2017 Kia Niro vs Nissan Rogue
One of the things that matters most to the daily life of buyers is how often they visit the local gas station–and its effect on their bank accounts. The Kia Niro is not only smaller than the Rogue, but it’s also a hybrid vehicle. Both of these facts play to the Niro’s advantage when it comes to fuel economy. The Kia Niro gets a jaw-dropping 46 highway miles per gallon. At 51 per gallon, the city miles are even better.
The bulkier Nissan Rogue cannot compete with the Niro’s mind-blowing MPGs, but that doesn’t mean it’s a slouch in terms of SUV fuel economy. With numbers like 26 city, 33 highway miles per gallons, the Rogue certainly has nothing to be ashamed of in a class that’s not normally known for such good ratings. The Rogue also comes in a hybrid version, but its fuel economy is still noticeably behind the Niro, at 33/35 mpg.
Potential buyers might worry about the performance of a hybrid SUV–will it be able to haul a full cabin of people and stuff AND have enough get-up-and-go to compete on a highway on ramp? Put those fears to rest with the 2017 Kia Niro. Critics say you get the fuel economy of a hybrid with the handling and performance of a conventional car. Another benefit? The Niro offers a quiet ride in an upscale cabin.
The Nissan Rogue has some new technology as well: a continuously variable automatic transmission (CVT), which has some of the characteristics of a manual and some of an automatic. Unfortunately, drivers notice that the CVT makes a loud droning noise when accelerating, and the Rogue is riddled with annoyances that vary from wobbly, vague steering to poor braking.
The Kia Niro is honestly a tech lover’s dream. Even the base model gives you a host of features to keep you connected. Those features include a 7-inch touchscreen, physical knobs and buttons, a six-speaker sound system, a rearview camera, Bluetooth, a USB port, and the easy-to-use UVO infotainment system with Apple CarPlay, Android Auto, and satellite radio. If you’re looking for more, the Niro has optional features that include push-button start, a rear USB port, a surround sound eight-speaker audio system, sunroof, 8-inch touchscreen with real-time traffic conditions, and voice navigation system.
The Nissan Rogue can’t really compete with the Niro in terms of its features. The Rogue offers no Apple CarPlay or Android Auto, severely limiting the ability of drivers and passengers to stay connected easily. The NissanConnect infotainment system is also notoriously slow to respond. The base model does offer buyers heated seats, a 7-inch infotainment screen, digital display, heated steering wheel, and physical knobs and buttons. One cool feature on all Rogue models is the rear liftgate that automatically opens when motion-activated. Buyers also have the option of adding adaptive cruise control, 360-degree-view cameras, remote start, and another USB port to their package of features.

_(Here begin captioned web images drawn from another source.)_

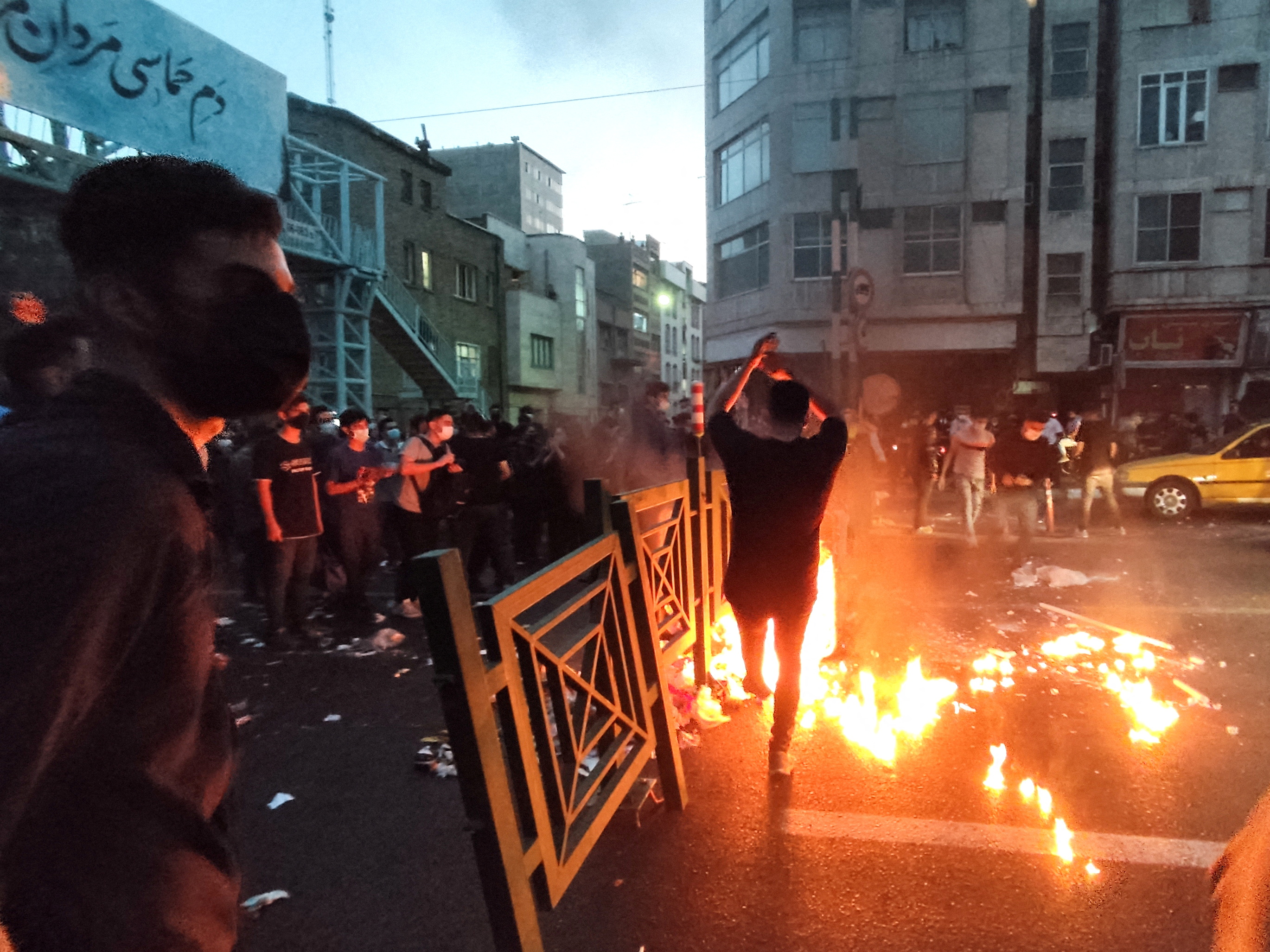 People light a fire during a protest over the death of Mahsa Amini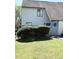 Charming two-story home features a well-maintained lawn and attractive landscaping at 296 Country Club Dr, Jonesboro, GA 30238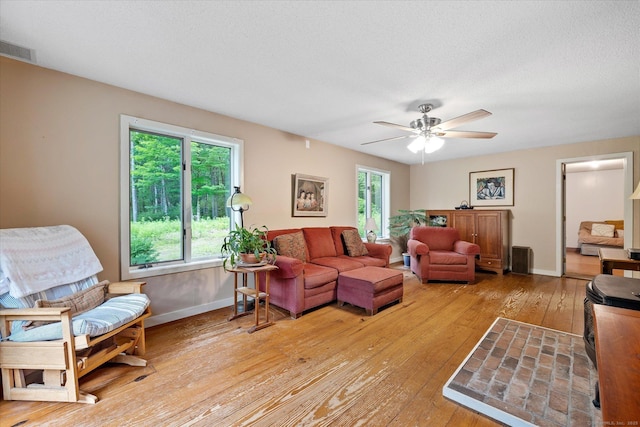 853 Pole Bridge Rd, Woodstock, CT 06281 - living area with light wood-style floors and ceiling fan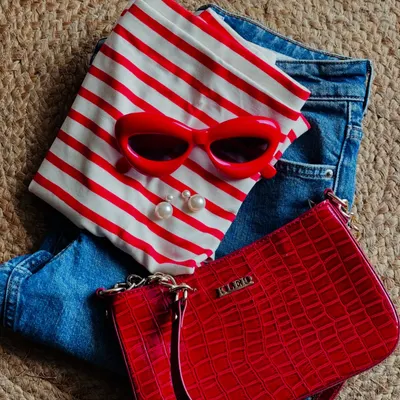 This flat lay captures a perfect Parisian-inspired summer look. The key is in the accessories: a red-hot bag, matching retro sunglasses, and classic pearl earrings elevate a simple striped top and jeans.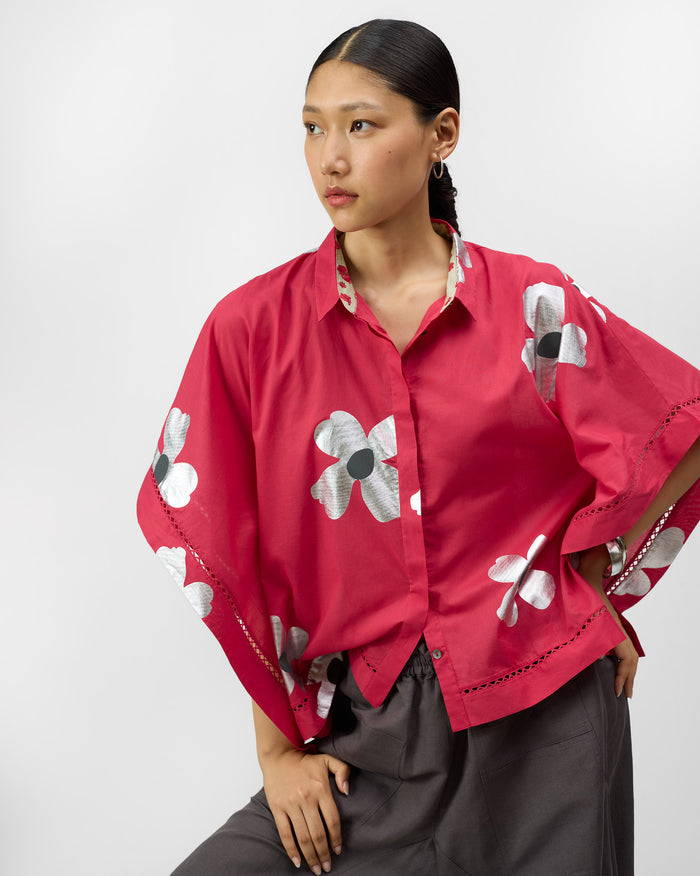 Person wearing a watermelon pink top with silver foil flowers and lace trim.
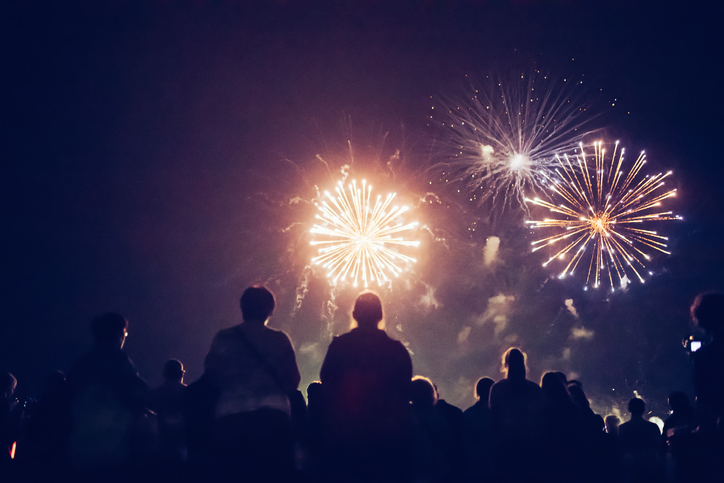 A group of people watching fireworks on the 4th of July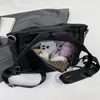 Schwarze Nylon-Umhängetasche mit geöffnetem Hauptfach, darin sichtbar ein Smartphone, Kosmetik und eine gestreifte Tasche Produktbild-Vorschau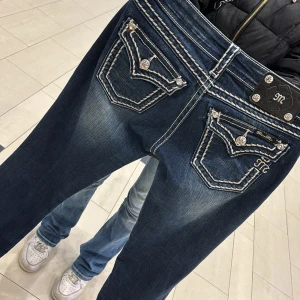 Blå jeans från Miss Me - Snygga blå jeans från Miss Me med dekorativa sömmar och detaljerade bakfickor. Jeansen har en slim-stil och är perfekta för en avslappnad look. De har en klassisk femficksdesign och knappar med mönster.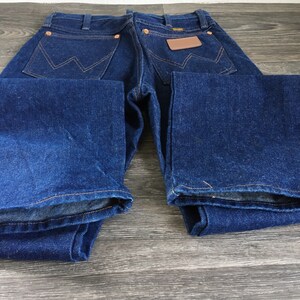 Puede incluir: Un par de pantalones vaqueros de mezclilla azul oscuro con un parche de cuero marr&oacute;n en el bolsillo trasero. Los pantalones vaqueros est&aacute;n colocados sobre una superficie de madera.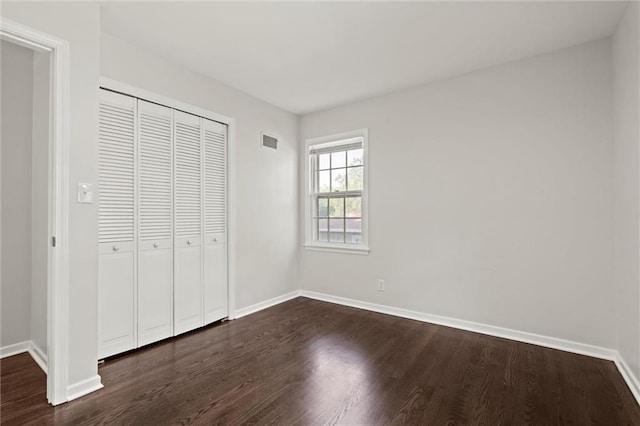 331 E 100th Ter, Kansas City, MO 64114 - unfurnished bedroom featuring dark wood-style floors and a closet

Being a newer car, the Kia Niro does not yet have safety ratings, but its automatic safety features are many and impressive. They include blind-spot monitoring, lane change assist, rear cross traffic alert, adaptive cruise control, front and rear park assist, autonomous emergency braking, and forward collision system.
The 2017 Nissan Rogue received only four out of five stars on its government safety rating. Critics suggest that the Rogue suffers from vague steering and a tendency to body roll. Nissan offers active safety features as well, including a surround-view camera, blind-spot monitors, lane-departure warning system, and forward-collision alert system.
Learn More about the Kia Niro
In fuel economy, performance, tech and safety features, the 2017 Kia Niro has the Nissan Rogue beat. Sometimes power comes in small packages. Buyers will also be pleasantly surprised to know that the Kia Niro is also thousands of dollars cheaper than the Rogue. In this David-and-Goliath story, smaller is better.